An Evening Tale: A "Heap" of Trouble
For the longest time -- and only on certain people's systems -- there would be this strange occurrance whereas the player would experience a sudden 'freeze' or pause in gameplay for a split second, every few seconds. This did not seem to lower the framerate or updates-per-second, and happened uniformly at some same rate. However, on other systems this would happen similarly, but the effect would vanish after several seconds. To further mystify this problem, it would happen to me if I ran Skirmish via WebStart, but NOT if I ran it from my IDE. Tres bizarre!
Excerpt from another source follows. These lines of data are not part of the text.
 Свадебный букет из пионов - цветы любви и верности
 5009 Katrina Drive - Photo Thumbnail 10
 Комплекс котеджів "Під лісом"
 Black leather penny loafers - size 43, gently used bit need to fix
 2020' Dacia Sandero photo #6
This being initially back in October or November, and I had been baffled for a while. I had first begun profiling in order to try and determine what portion of the code was causing this behavior. At first I suspected that the garbage collector was at fault, and that it must be complaining because I was creating so many 'Vector2's (a 2d vector helper class) all over my code in places like rendering and elsewhere. I somehow convinced myself that this was the root of the problem, and wrote a system on top of the Vector2 class that would maintain a pool of reusable objects to keep heap size down. The details are fuzzy, but I must have convinced myself that it worked, somehow, and carried on with life.
Not long after, my good friend Dean told me that he still regularly experienced this "pulse lag" bug, as he so aptly named it. I had not realized this, since I was still always running the darn game from my IDE! It turns out that the bug was still present, although only a handful of the testers would experience it. Oh man! Weird!
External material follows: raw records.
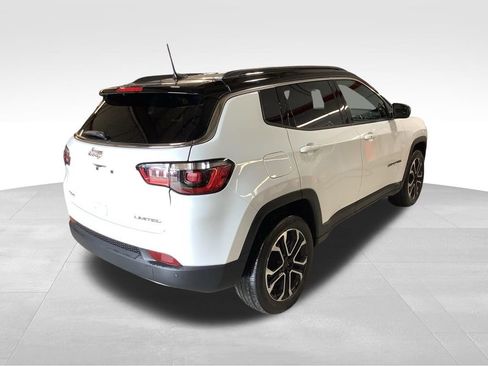 Used 2023 Jeep Compass Limited image 7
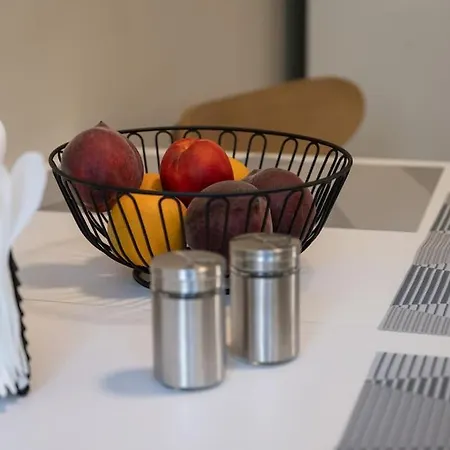 Erato 2 Cosy By Homesh *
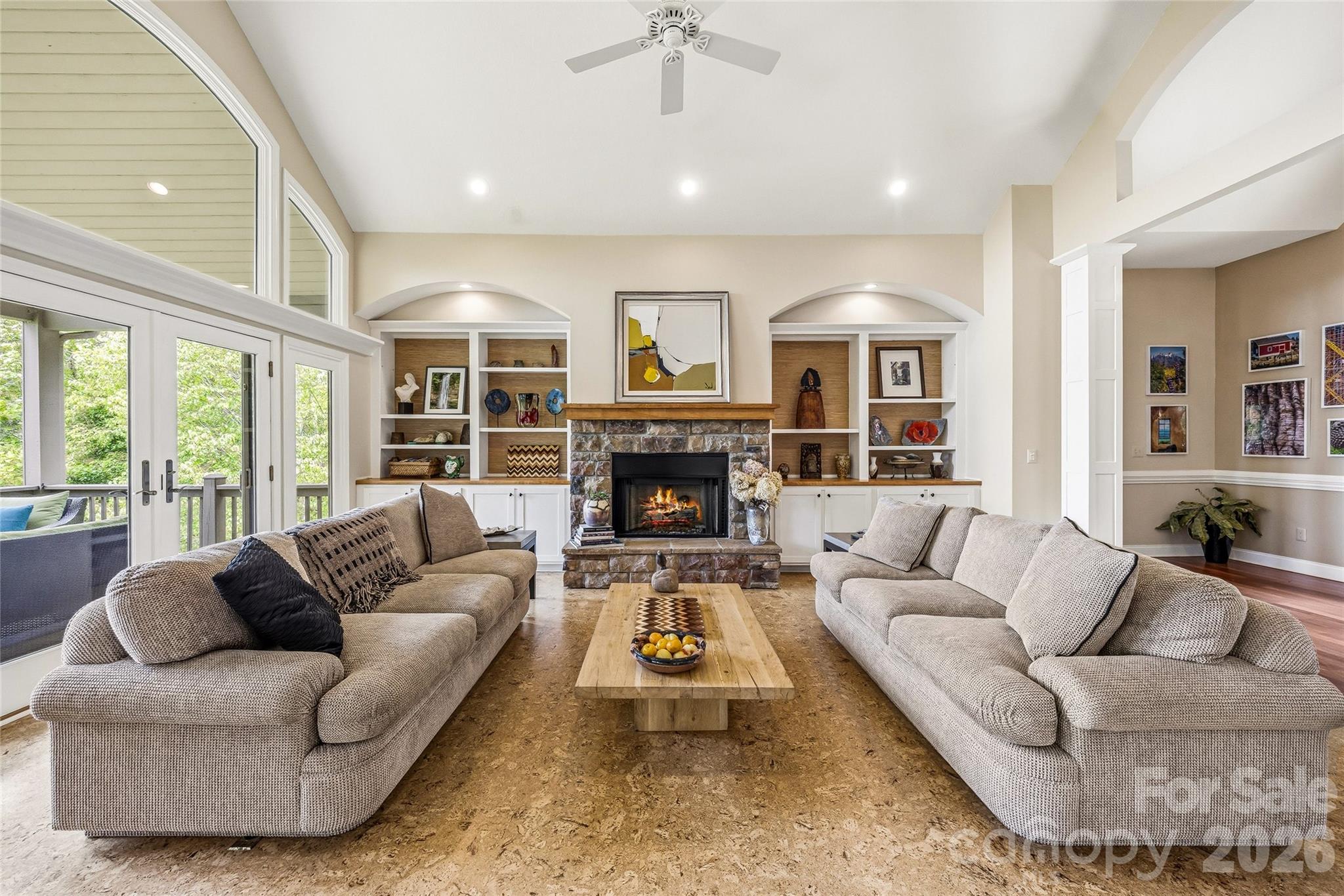 135 Crossvine Trail — Hendersonville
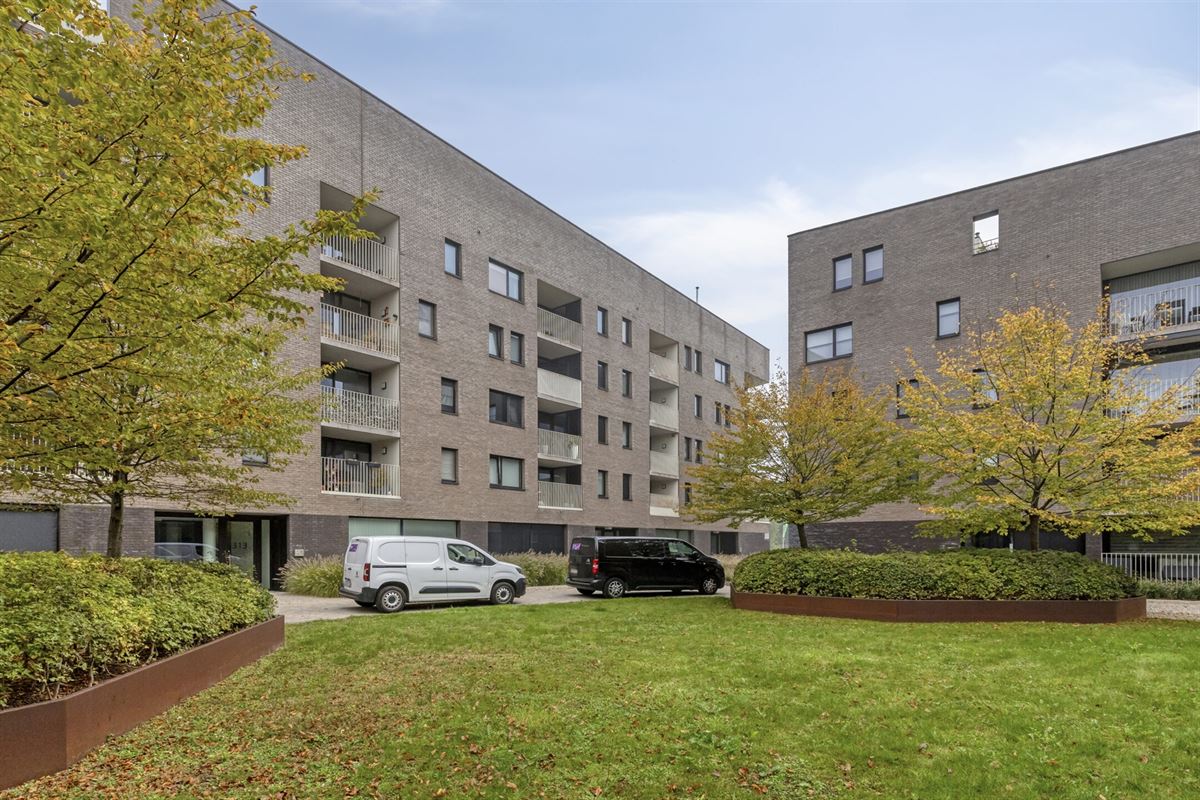 Instapklaar appartement met 2 terrassen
It was at that point that I decided to give it another go at the profiling, and figure out what the heck was going really going on. So, I did. This time, the source of the time-wasting looked to be the networking. I ran a few (admittedly VERY basic) tests to see if this was the case, and indeed it did seem that the raw network calls (recv and send) were sucking up a lot of CPU time because they were blocking the main thread from doing other useful things like rendering. This surely must be the root of this problem! So, I went off on a mini-project to make the entire networking system multithreaded. Several challenging weeks and a dozen or two hours later, that was implemented. Swell.
Not swell. The testers that had the "pulse lag" bug were still experiencing it in its full glory. However, most people noted that the framerate had increased by a decent margin. I once again had not fixed the bug, but Skirmish became a little faster through my efforts, and I learned a lot about concurrency.
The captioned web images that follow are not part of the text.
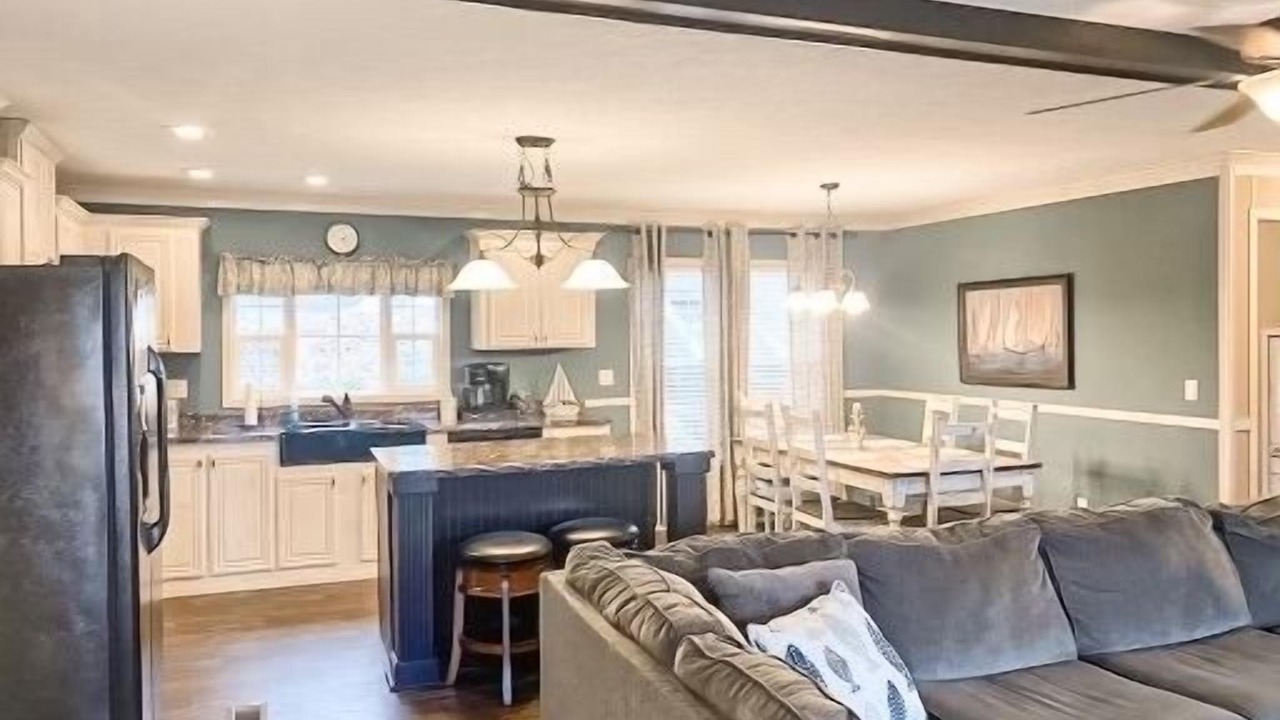 Photo of Livingroom in Jones Mills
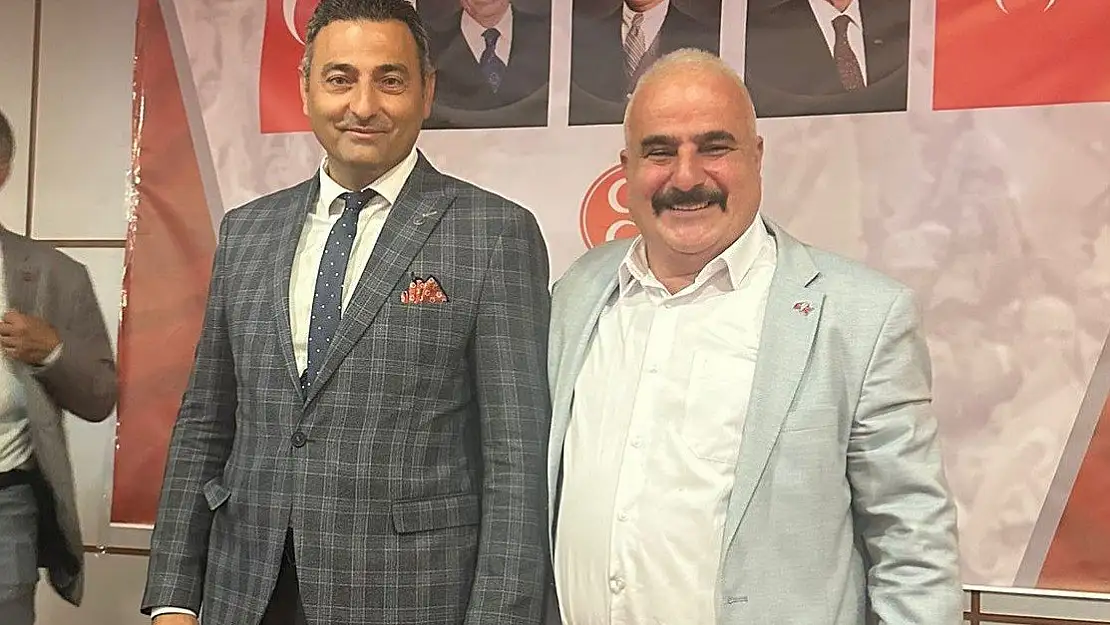 Doç. Dr. Karabulut, MHP Balçova yönetimine girdi  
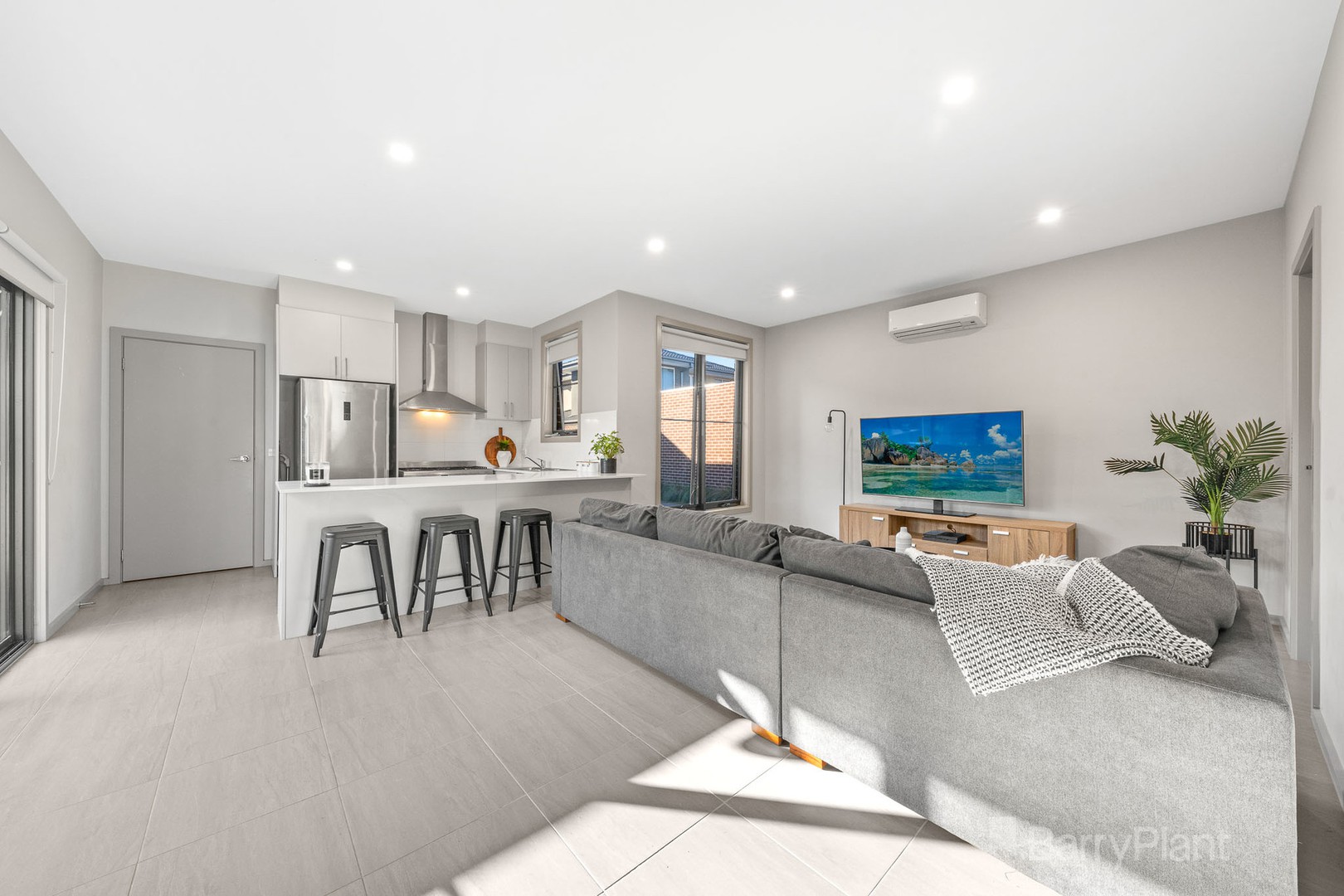1/53 Normanby StreetCranbourne, VIC 3977, Cranbourne - Thumbnail 4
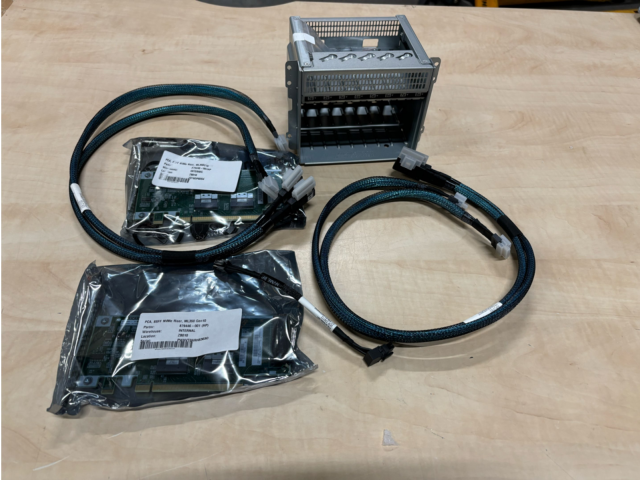 874569-B21 HPE ML350 Gen10 8SFF NVMe SSD Express Bay Enablement Kit met 2 x4 NVMe Risers en Support Kabels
Once again, today, I took a stab at figuring out where the bottleneck was. It was the strangest thing. It seemed almost like every time I cleaned up some code, it jumped to a new spot. Again and again. Puzzled, I took a moment to stop and take a few steps back and think about this thing. Surely these few areas of code were not of pinnacle efficiency, but they don't account for this kind of periodic freezing to occur. The only thing that would make sense would have to be..
..garbage collection. Or, more specifically, the heap size allocated by the Java virtual machine. In some ways, I am to blame for not allocating and handling objects a little more responsibly, but the VM was vomitting every few seconds because the heap was just too small. And, in a very anti-climatic ending, I simply increased the heap size for the VM and everything was well. Testers confirmed that the elusive bug was nowhere to be seen.
Is that a truly tale of victory? Or did I just evade my own inefficiencies by increasing the heap size? I'm still not sure whether I feel satisfied or disappointed. I was really expecting a grand victory, full of music, dance, and perhaps a large feast. Still, I won't complain. It works, goshdarnit. It works. [smile]
The Other Enigma: Windows Vista
On a equally pleasing front: Windows Vista is now able to run Skirmish properly.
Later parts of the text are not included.